§ Work item
Beginning at the line containing "Vava Vitmossa Light", repeat each line below exactly up to and including the line containing "Customized Tulle Bateau". Do not repeat the pictures.

§ Dataset extract
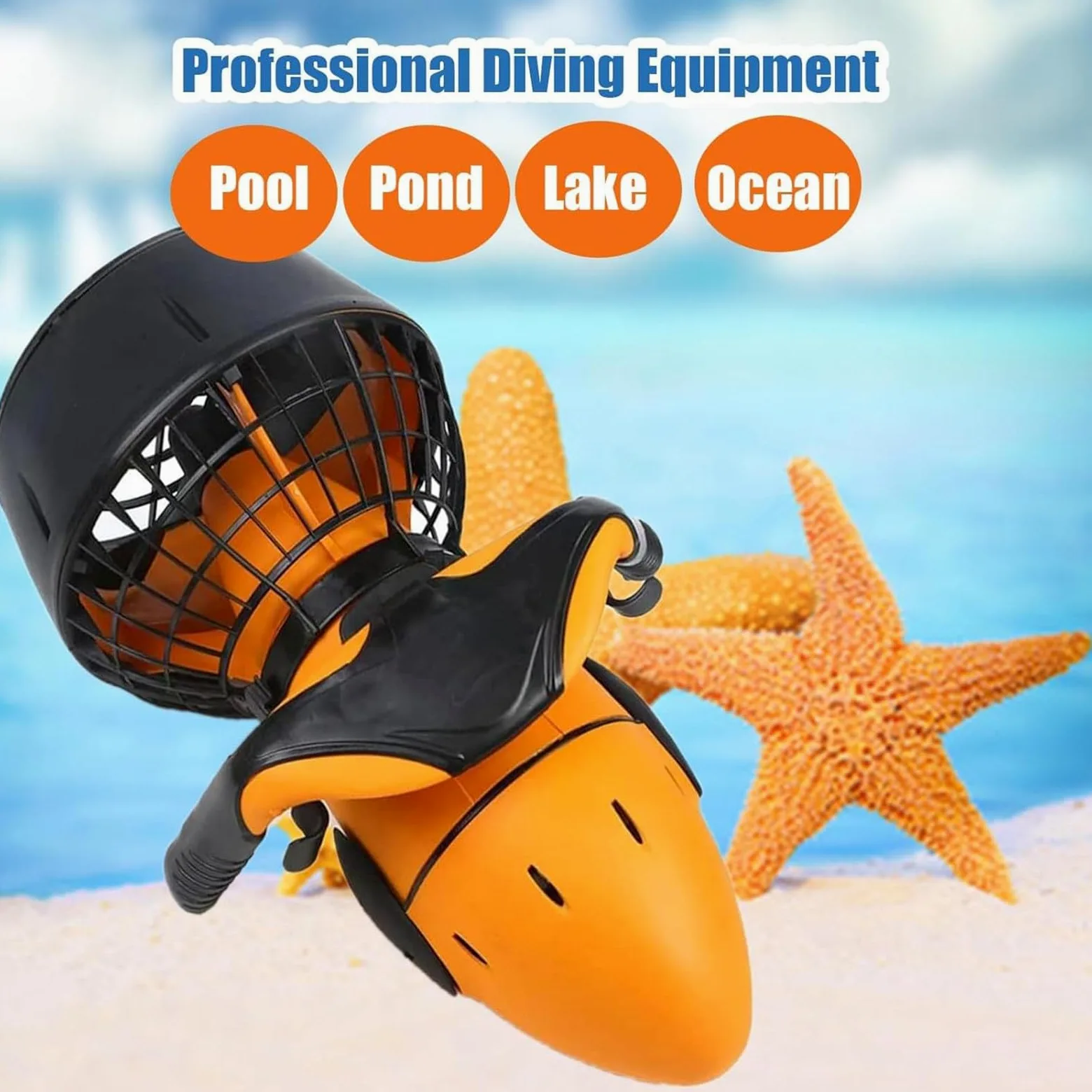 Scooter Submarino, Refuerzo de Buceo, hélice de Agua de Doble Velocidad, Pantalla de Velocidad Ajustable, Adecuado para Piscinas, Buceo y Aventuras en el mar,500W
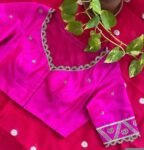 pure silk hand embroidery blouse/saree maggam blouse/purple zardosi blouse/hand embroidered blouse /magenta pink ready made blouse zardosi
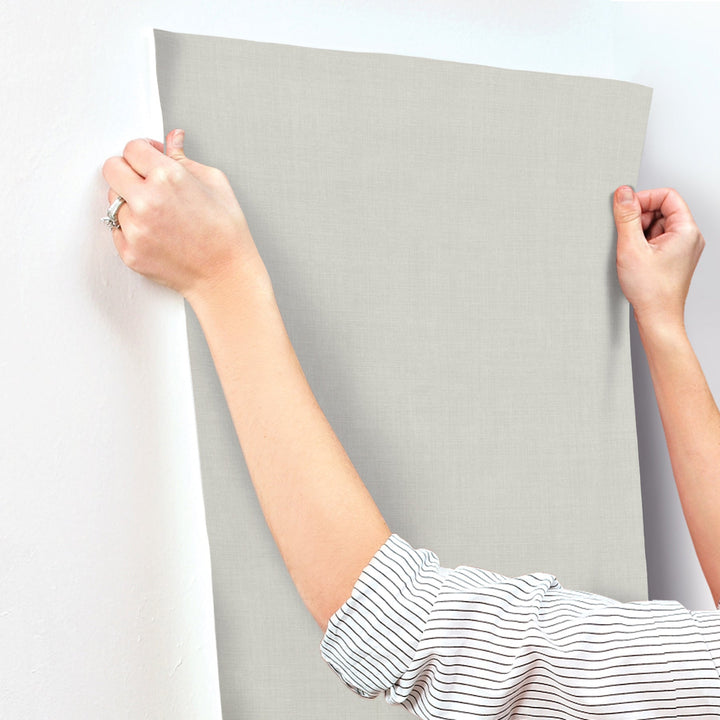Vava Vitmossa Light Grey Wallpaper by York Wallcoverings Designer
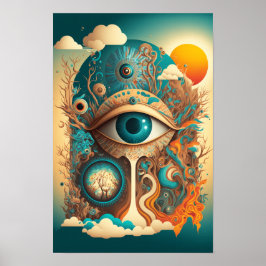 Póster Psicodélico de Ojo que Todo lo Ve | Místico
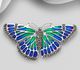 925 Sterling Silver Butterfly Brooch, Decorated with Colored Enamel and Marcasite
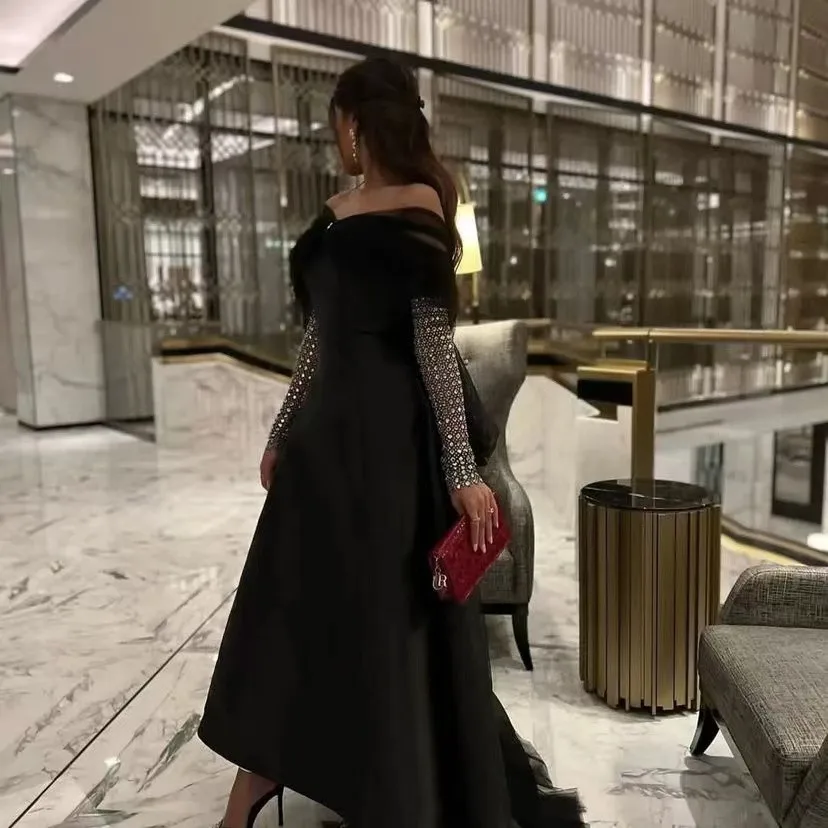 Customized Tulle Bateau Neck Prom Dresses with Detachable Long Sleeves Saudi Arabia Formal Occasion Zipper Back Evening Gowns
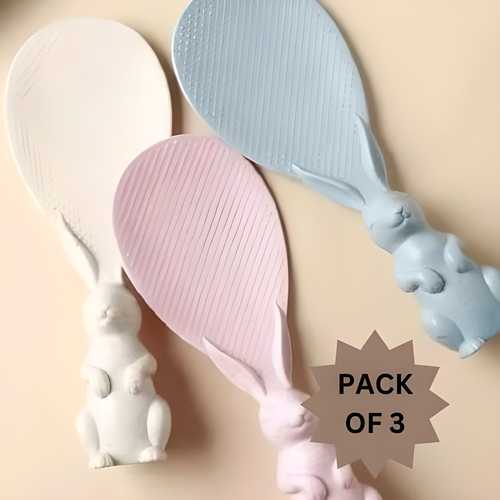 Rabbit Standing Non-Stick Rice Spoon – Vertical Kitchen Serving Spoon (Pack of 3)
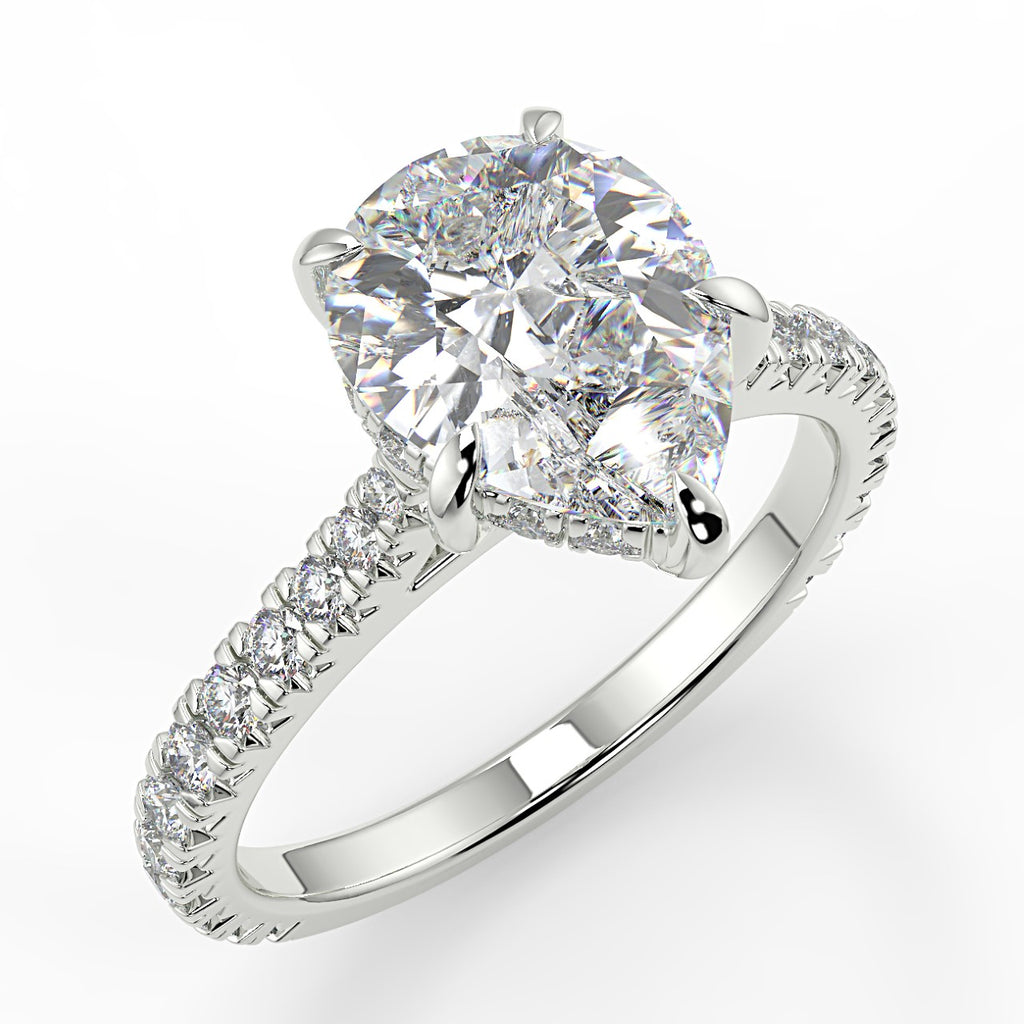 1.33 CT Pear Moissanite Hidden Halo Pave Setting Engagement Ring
==
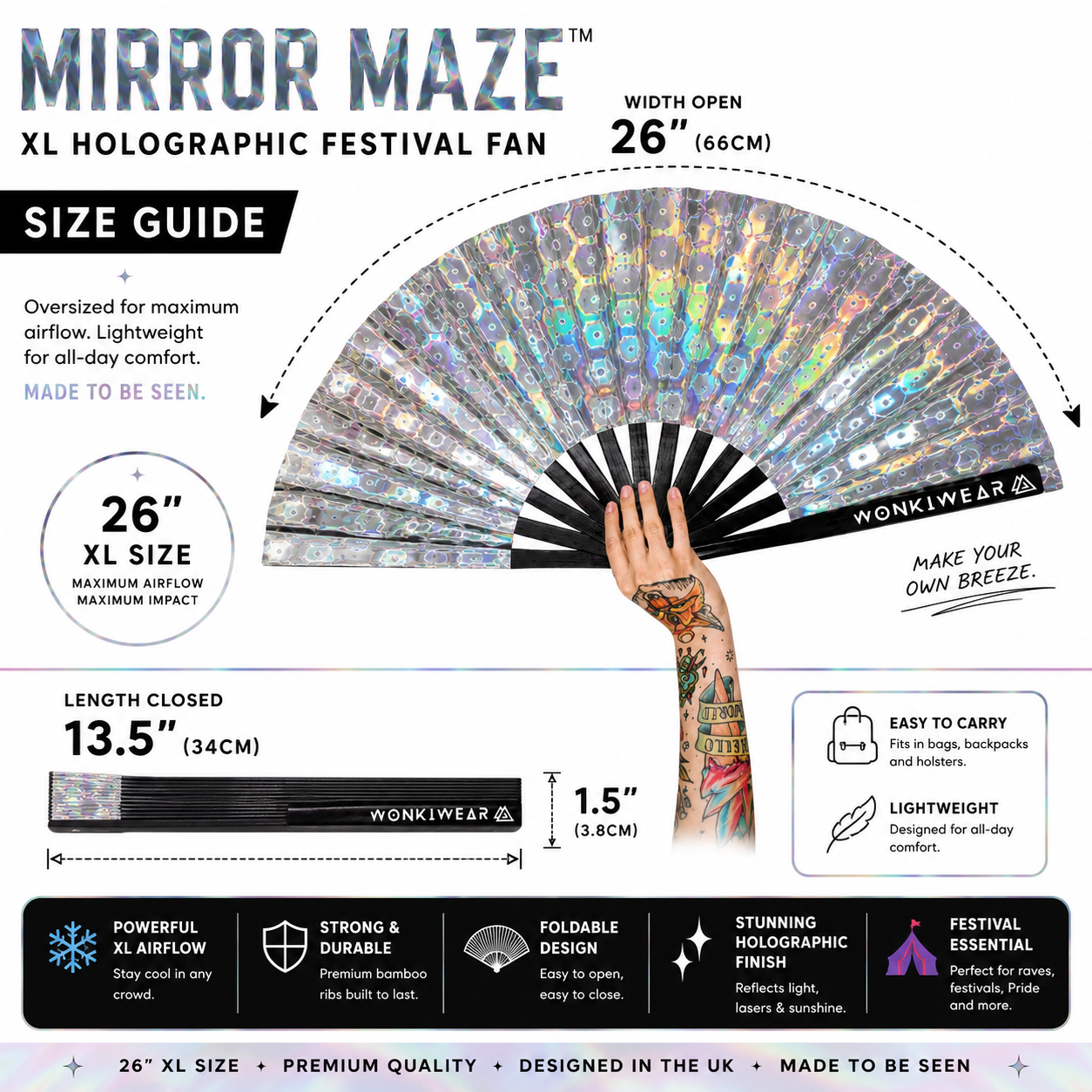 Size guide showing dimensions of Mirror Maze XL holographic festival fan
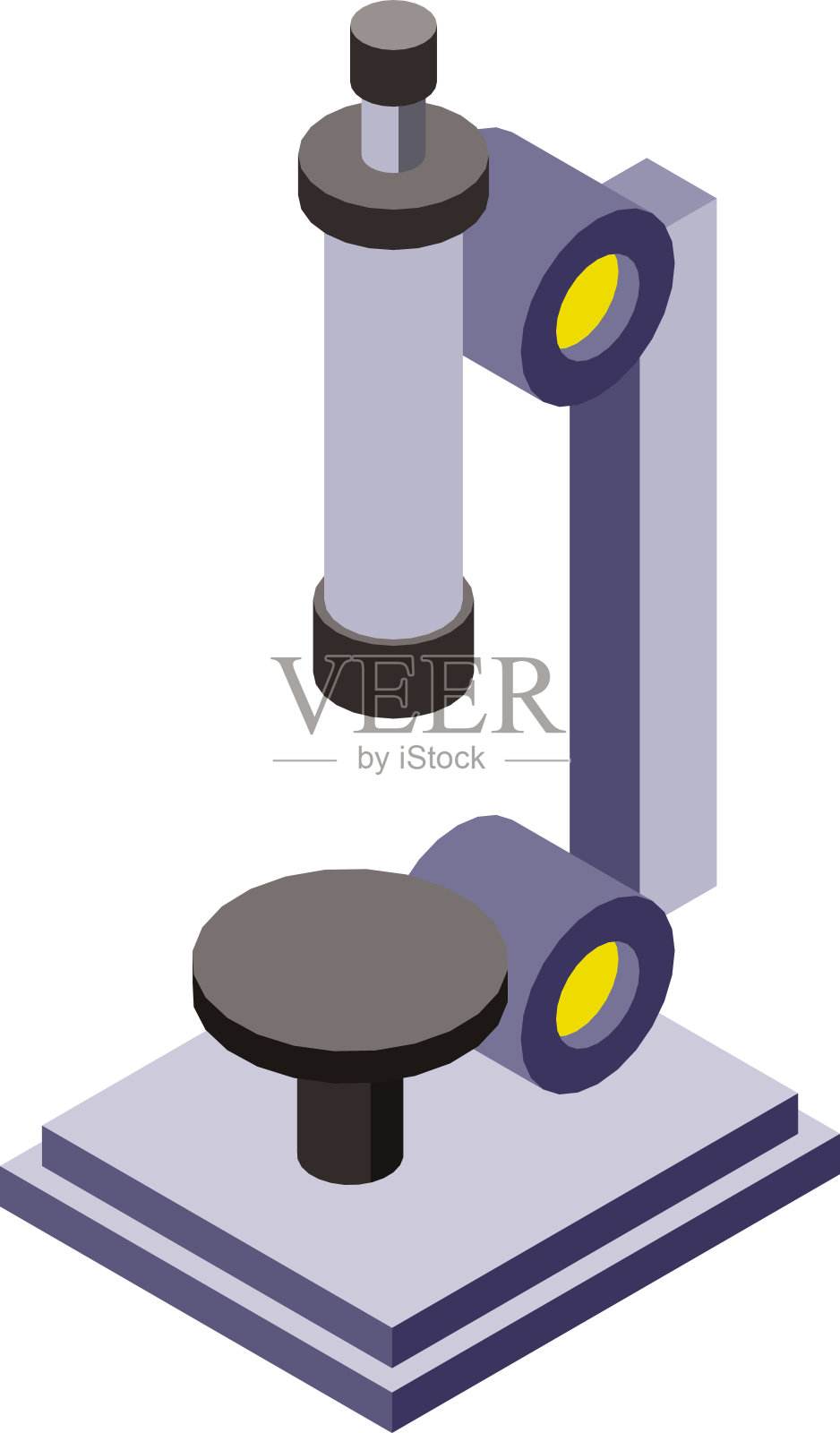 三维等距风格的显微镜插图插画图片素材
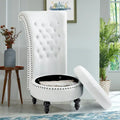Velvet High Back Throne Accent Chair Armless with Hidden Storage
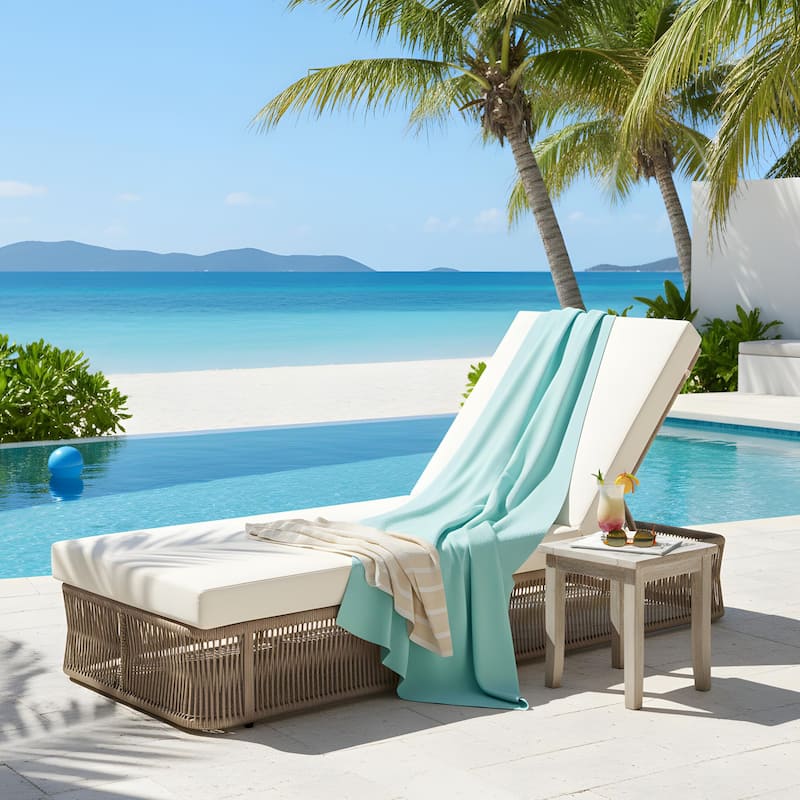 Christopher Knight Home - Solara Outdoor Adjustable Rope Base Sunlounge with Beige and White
--
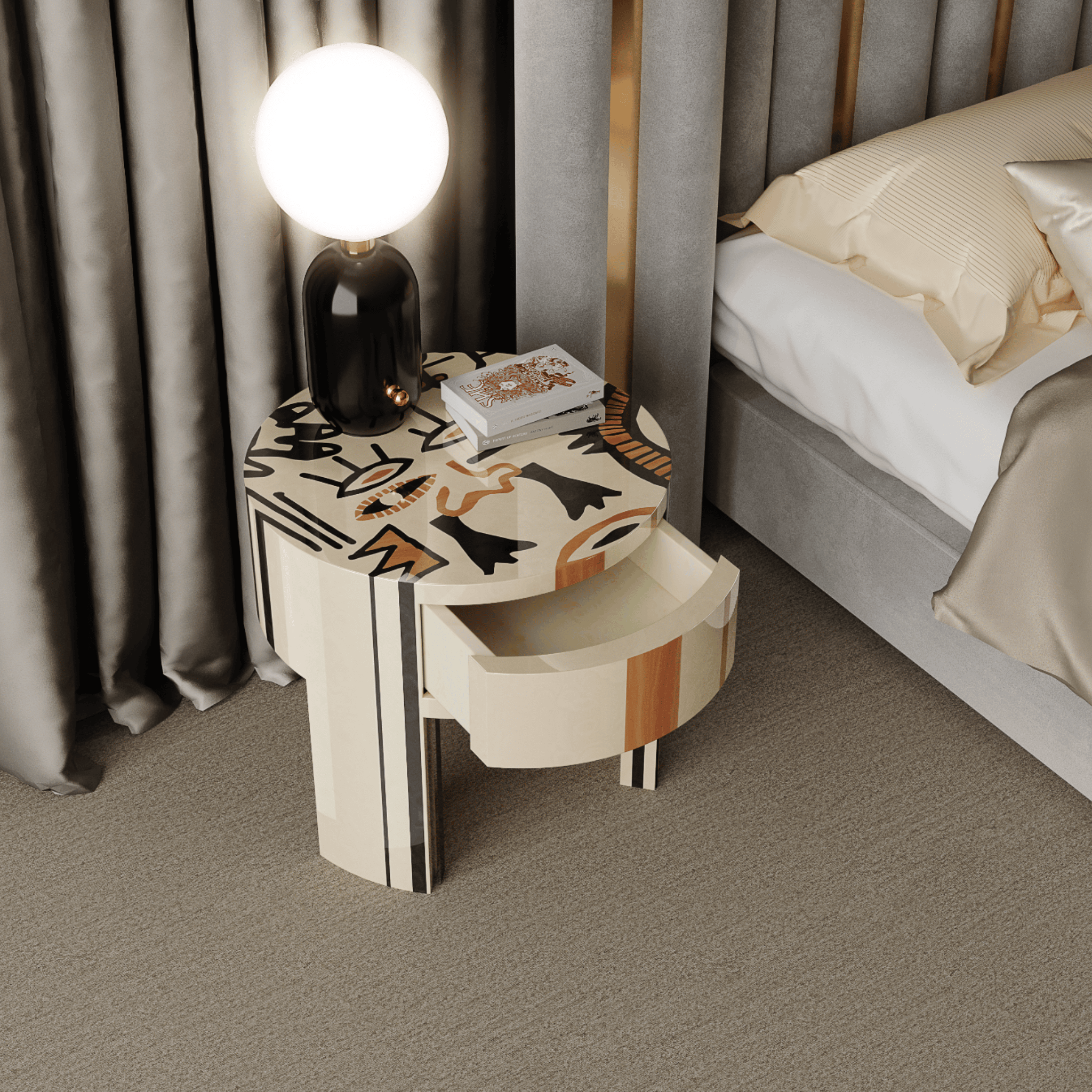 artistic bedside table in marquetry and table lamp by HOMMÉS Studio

§ Task answer
Vava Vitmossa Light Grey Wallpaper by York Wallcoverings Designer
 Póster Psicodélico de Ojo que Todo lo Ve | Místico
 925 Sterling Silver Butterfly Brooch, Decorated with Colored Enamel and Marcasite
 Customized Tulle Bateau Neck Prom Dresses with Detachable Long Sleeves Saudi Arabia Formal Occasion Zipper Back Evening Gowns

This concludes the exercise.